# EXERCISE DIRECTIONS
All entries below are to be returned exactly, with pictures left out.

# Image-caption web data
==*==

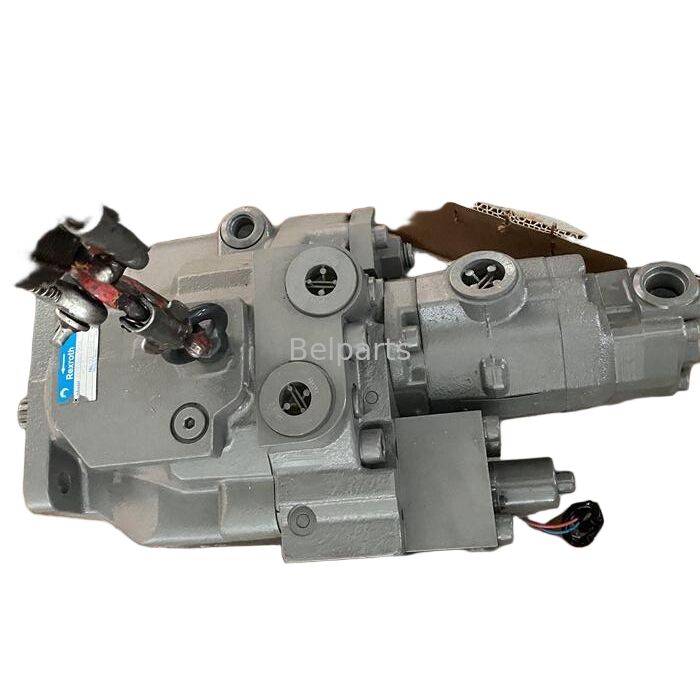 Hydraulische Pumpe für Hitachi EX75UR Minibaggerteile AP2D36LV1RS6-991 4338024 4359390 Hauptkolbenpumpe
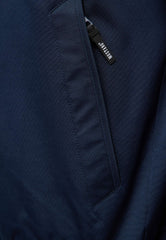 Męska Kurtka zimowa Mustang Style Limon Dark Sapphire 1016889 4136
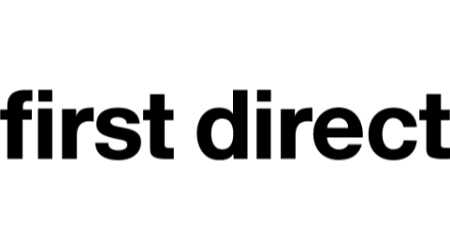 First Direct logo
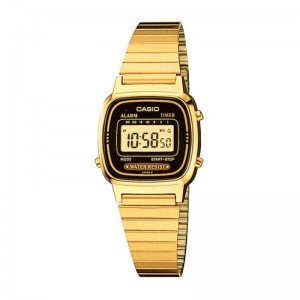 Casio LA670WGA-1DF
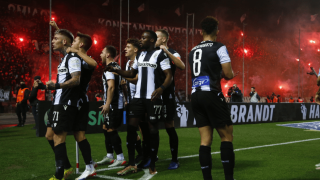 Μπορεί και το θαύμα ο ΠΑΟΚ, αν το 6Χ3  δεν αποδειχθεί... επιστημονική φαντασία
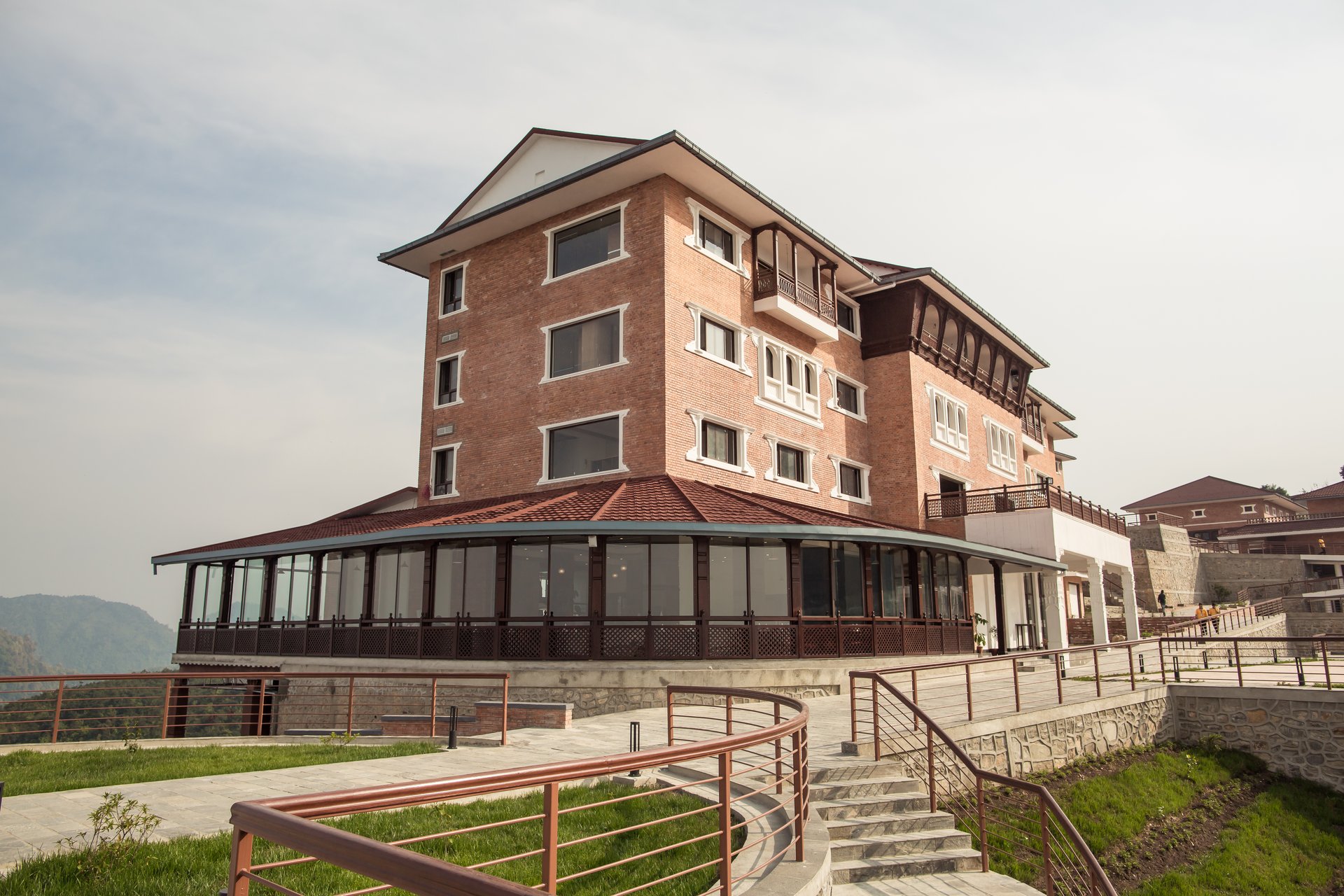 Chandragiri Hills Resort Kathmandu - Image 4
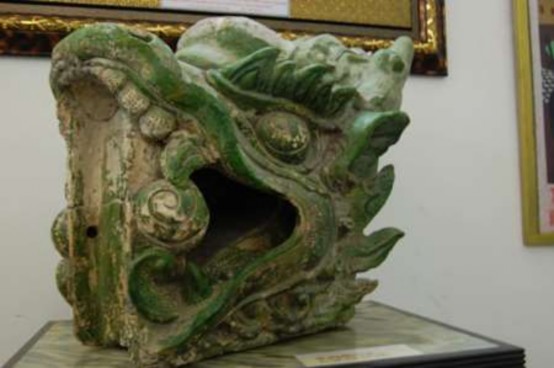 Tư liệu 10 Vạc Phổ Minh Nguồn Internet Tư liệu 11 Tượng Phật Quan Âm nghìn 1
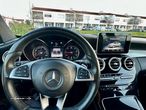 Mercedes-Benz C 220 d Aut. - 17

==*==

# WRITTEN RESPONSE
 Hydraulische Pumpe für Hitachi EX75UR Minibaggerteile AP2D36LV1RS6-991 4338024 4359390 Hauptkolbenpumpe
 Męska Kurtka zimowa Mustang Style Limon Dark Sapphire 1016889 4136
 First Direct logo
 Casio LA670WGA-1DF
 Μπορεί και το θαύμα ο ΠΑΟΚ, αν το 6Χ3  δεν αποδειχθεί... επιστημονική φαντασία
 Chandragiri Hills Resort Kathmandu - Image 4
 Tư liệu 10 Vạc Phổ Minh Nguồn Internet Tư liệu 11 Tượng Phật Quan Âm nghìn 1
 Mercedes-Benz C 220 d Aut. - 17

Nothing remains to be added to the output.